Categories: uncategorized

Date: 10 July 2010 08:42:20

You probably won't get the reason my blog title today made me smile, seeing as you probably have never read one of my favourite poems: "Not a very cheerful song, I'm afraid", but at least it made me smile.

I thought I ought to record, if only for my own benefit, the events of yesterday, especially as going back over my blogs for last year has proved beneficial in remembering key moments.

Yesterday was a long, hot, and mentally and emotionally exhausting day. I had sort of expected that my greater knowledge of what to expect and the fact that nothing would be very different afterwards than it was before, would make it easier to cope with going to court to hear the judge pronounce sentence on my son for his second offence. I was wrong. I think, like last time, it is a moment which is indelibly written on my heart and my memory... together with a sense of disbelief that this could all be about that lovely boy who used to snuggle by my side to listen to stories, to dangle upside down on the climbing frame trusting me to catch him if he fell, who loved to be outdoors making dens, riding his bike, walking, sailing... and just being together.

The waiting is the hardest. We arrived early, only to find that he had been listed for earlier than we'd been told. Only five minutes to go, and the Youth Offending Team (my help and stay) had not yet arrived. I didn't know where to go or what to do. Then we discovered that five different cases were listed for the same time in the same court - it was only a "not before" time, not a specific time. In fact, as it turned out, he didn't even arrive at court until over an hour later than that. But that didn't stop my panic as the moments passed and I was still facing going in there alone, or maybe even not realising it was happening at all. I could have hugged the YOT when they finally arrived.

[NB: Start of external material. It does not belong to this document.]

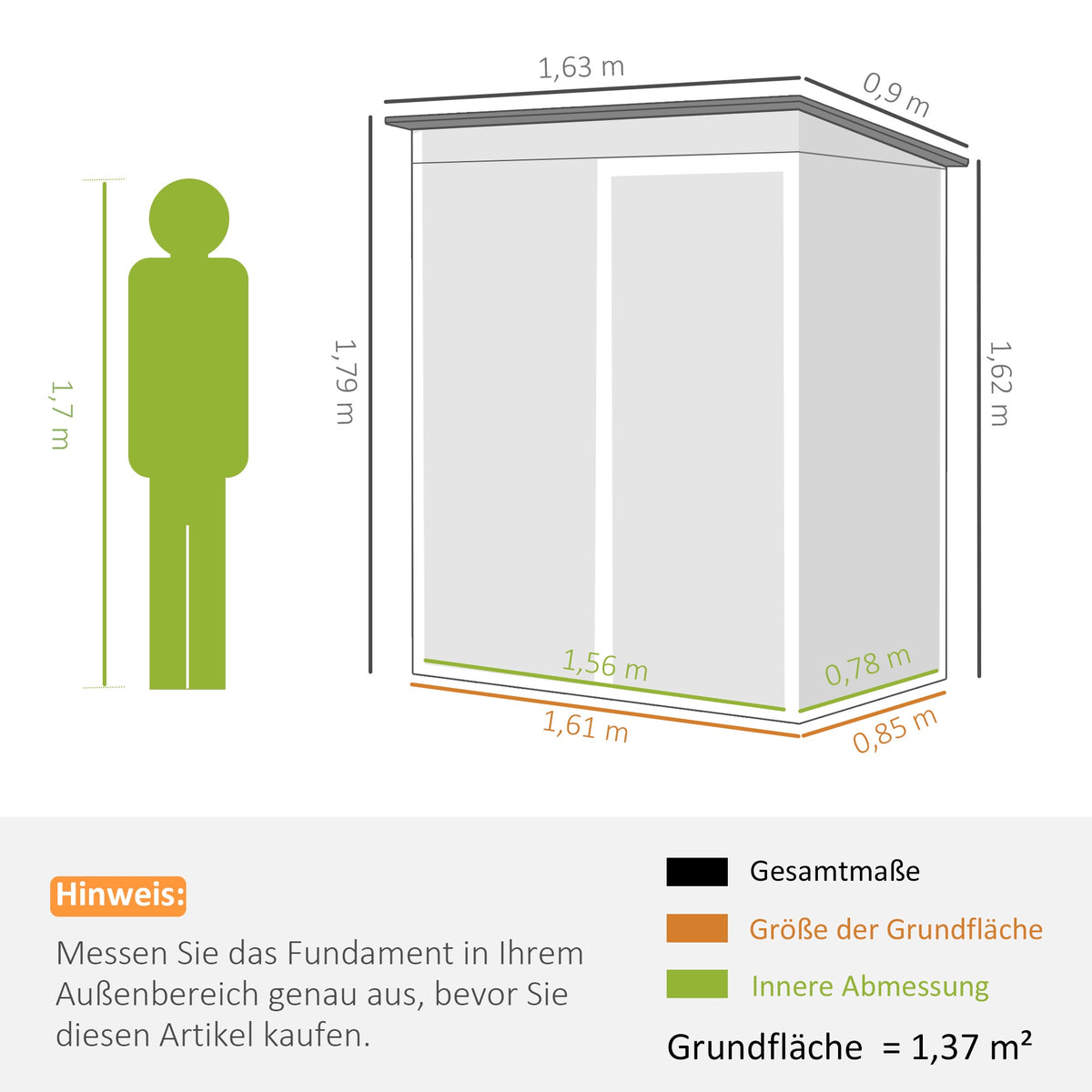 Metal Garden Shed 1.37m², Lockable with Ventilation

The courtroom was bigger this time. I was relieved I could sit in the room as this was the first court I'd been in where there was actually a public gallery too. It'd have been immensely hard sitting up there alone, a sheet of toughened glass separating me from the events down below. It was tough listening to the accounts, though, of how thoroughly mixed up my eldest son is and how this affects his behaviour in so destructive a manner. He will never come home.

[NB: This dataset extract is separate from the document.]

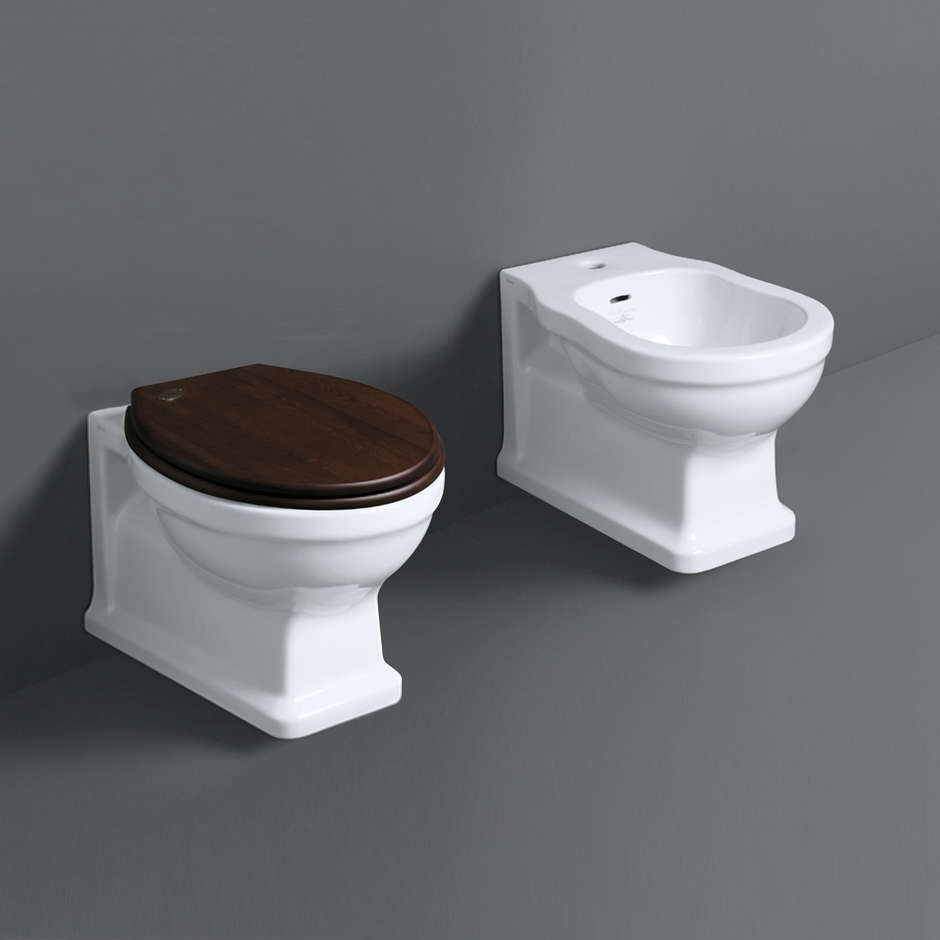 Sanitari sospesi old england bianco lucido: vaso, bidet e sedile coprivaso noce - Londra, Simas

I am left feeling such a jumble of feelings. Anger, sorrow, guilt. Relief, resignation, frustratrion. Loss, lack of hope, hope. Disbelief, certainty, longing. And a certain degree of numbness. (Not to mention a hefty chunk of exhaustion). Somebody I was talking to over a coffee the other day suddenly said "I didn't know you had two sons, I thought you had just the one". I don't know how many sons I have.